==== Data for this exercise ====

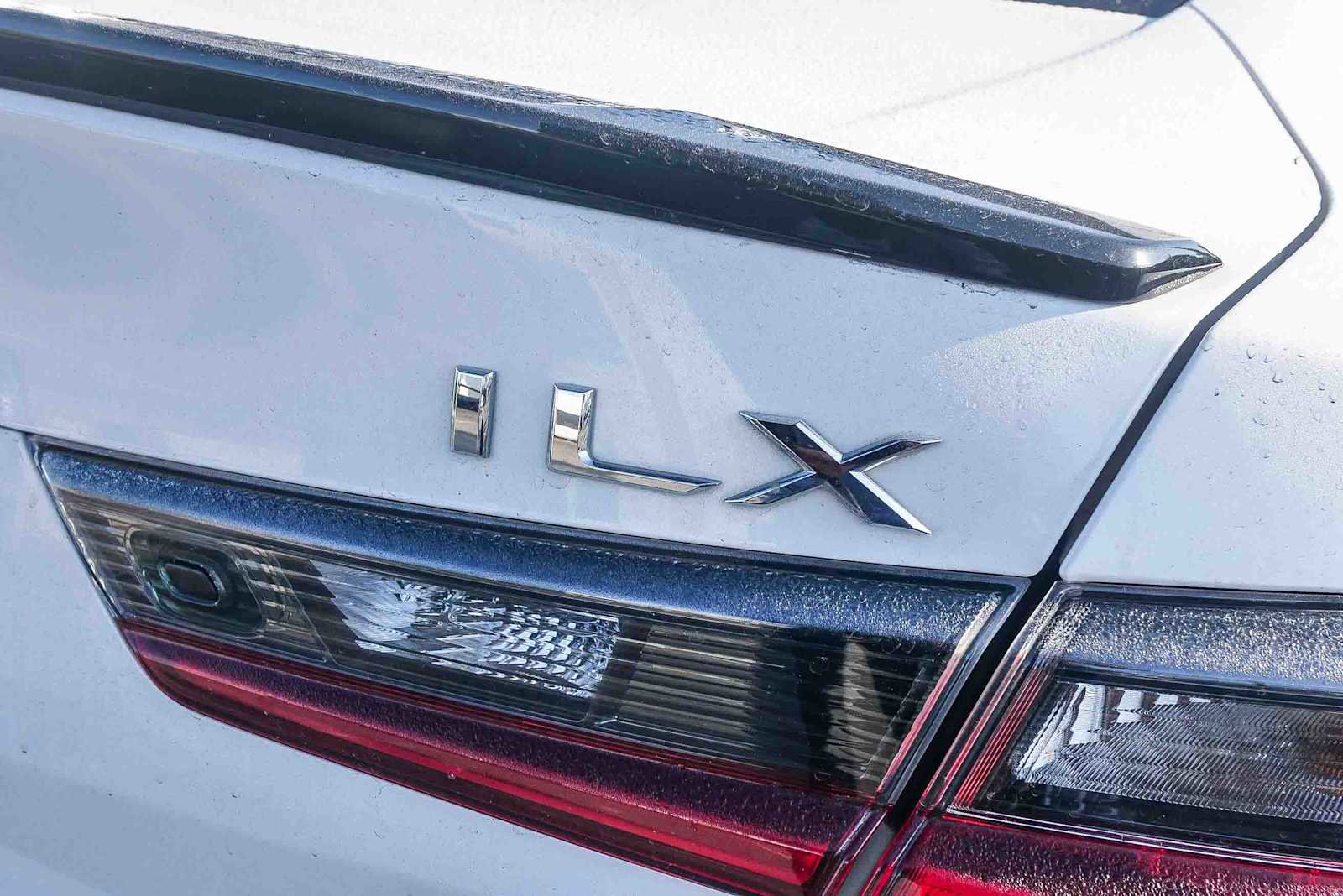 Used 2021 Acura ILX w/Premium/A-Spec Package image 19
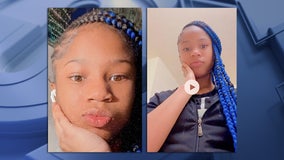 13-year-old girl reported missing has been located safe, police say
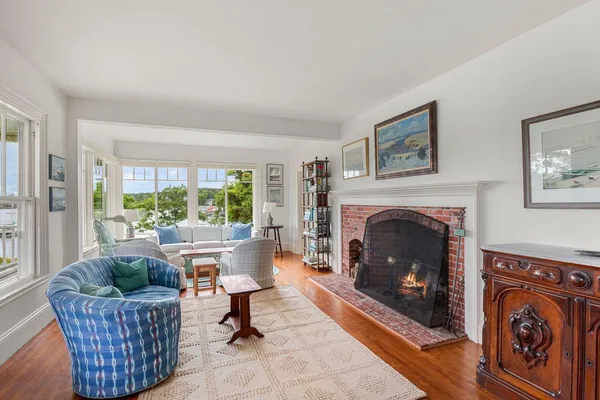 $3,495,000 | 17 Fire Road 5, South Bristol, ME 04568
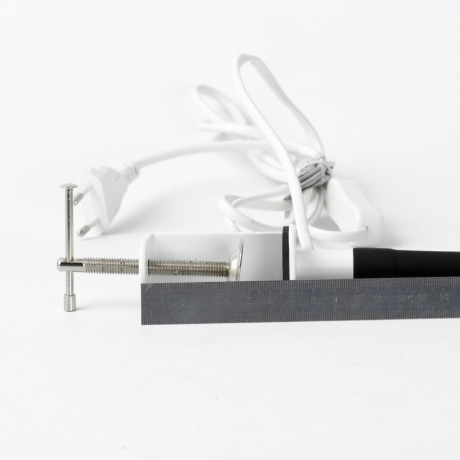 Настольная лампа Lussole LSP-0717 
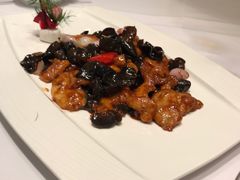 -百姓渔村(南中环店)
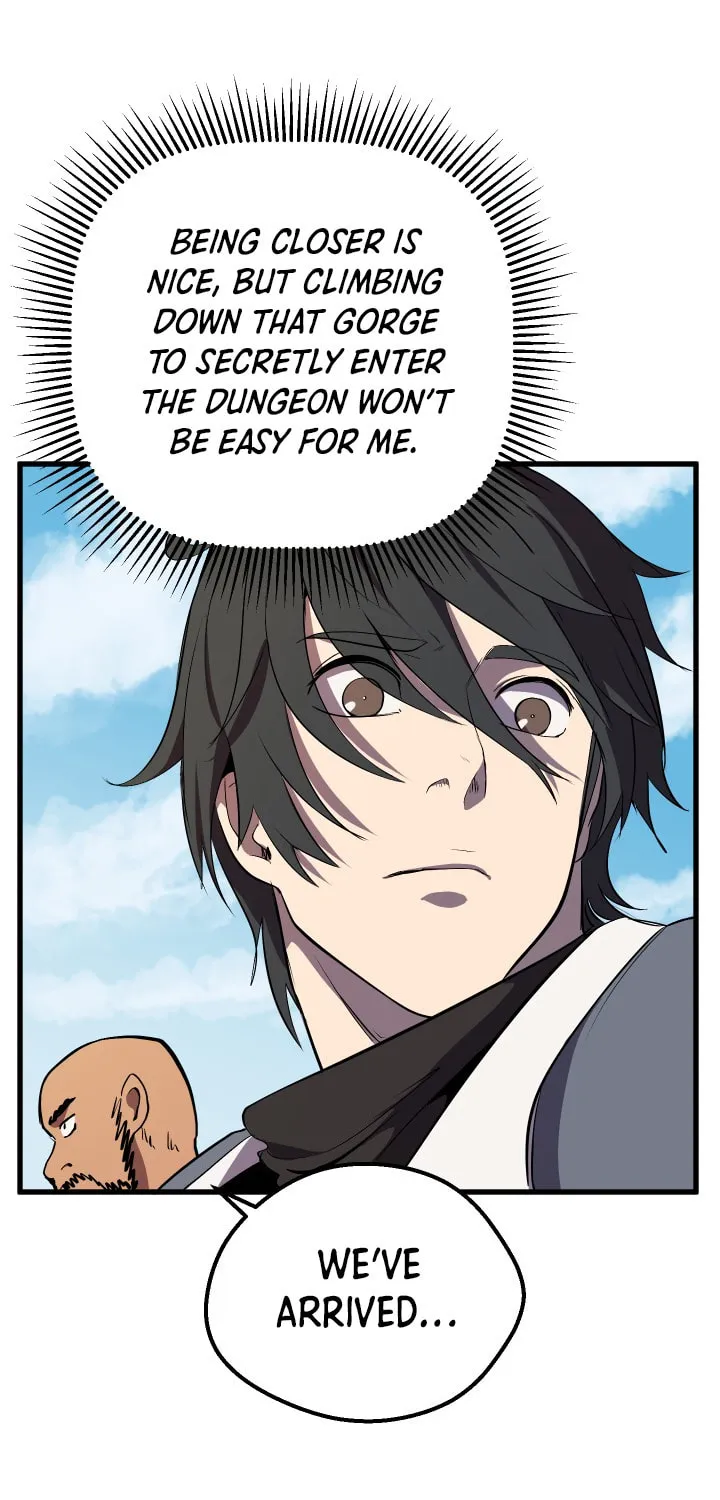 Latna Saga: Survival of a Sword King Chapter 23 page 25 - 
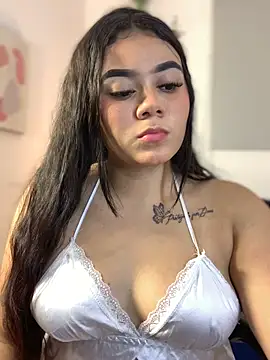 Snapshot of _AlessandraRose_ chatting on 07-31-26, 07:55 AlessandraRose online show from 07-31-26, 07:55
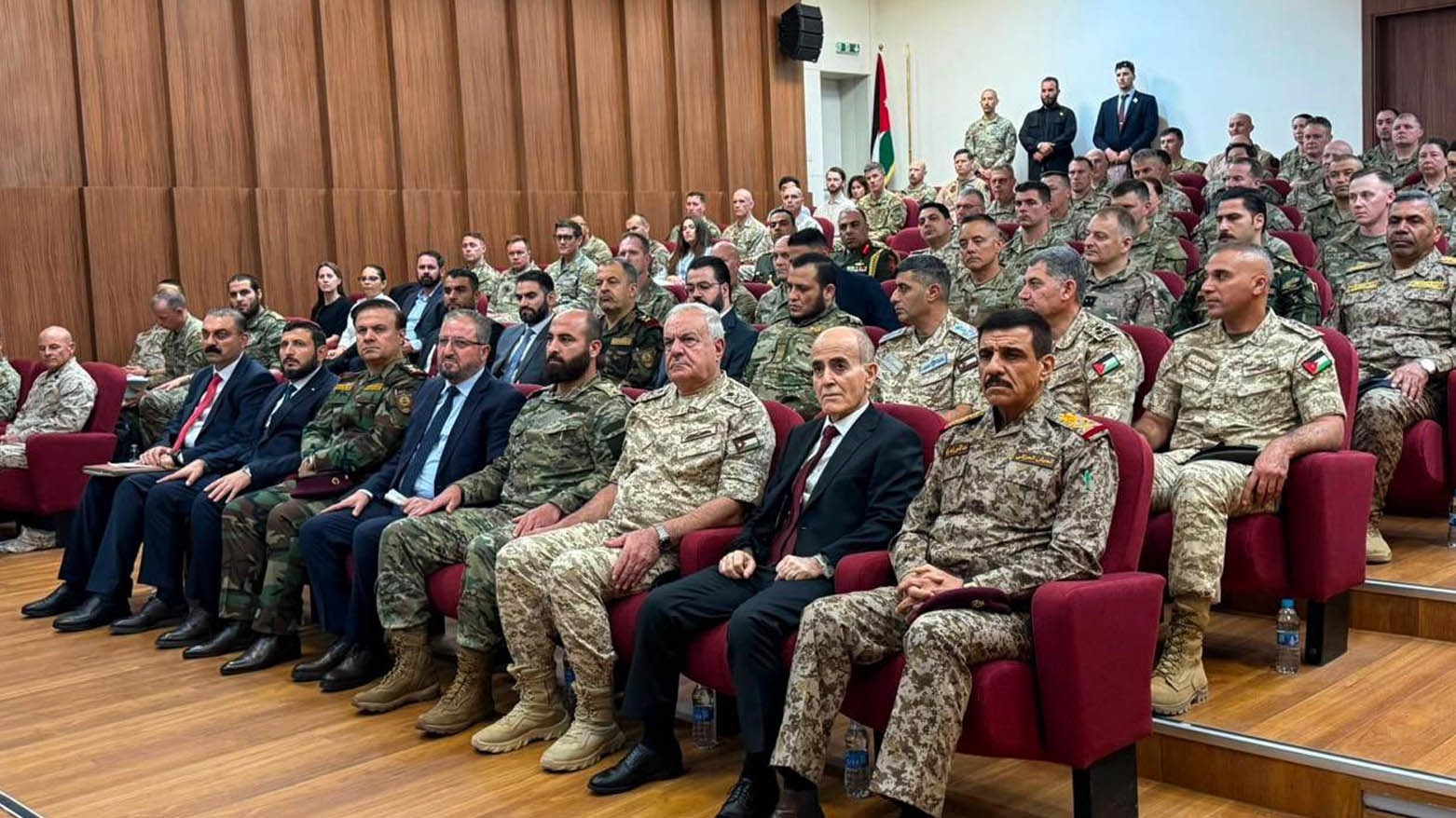 KRG PM Hawler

====

> Task statement: A word-for-word copy of the records is needed, with no pictures carried over.

> Task response:
 Used 2021 Acura ILX w/Premium/A-Spec Package image 19
 13-year-old girl reported missing has been located safe, police say
 $3,495,000 | 17 Fire Road 5, South Bristol, ME 04568
 Настольная лампа Lussole LSP-0717 
 -百姓渔村(南中环店)
 Latna Saga: Survival of a Sword King Chapter 23 page 25 - 
 Snapshot of _AlessandraRose_ chatting on 07-31-26, 07:55 AlessandraRose online show from 07-31-26, 07:55
 KRG PM Hawler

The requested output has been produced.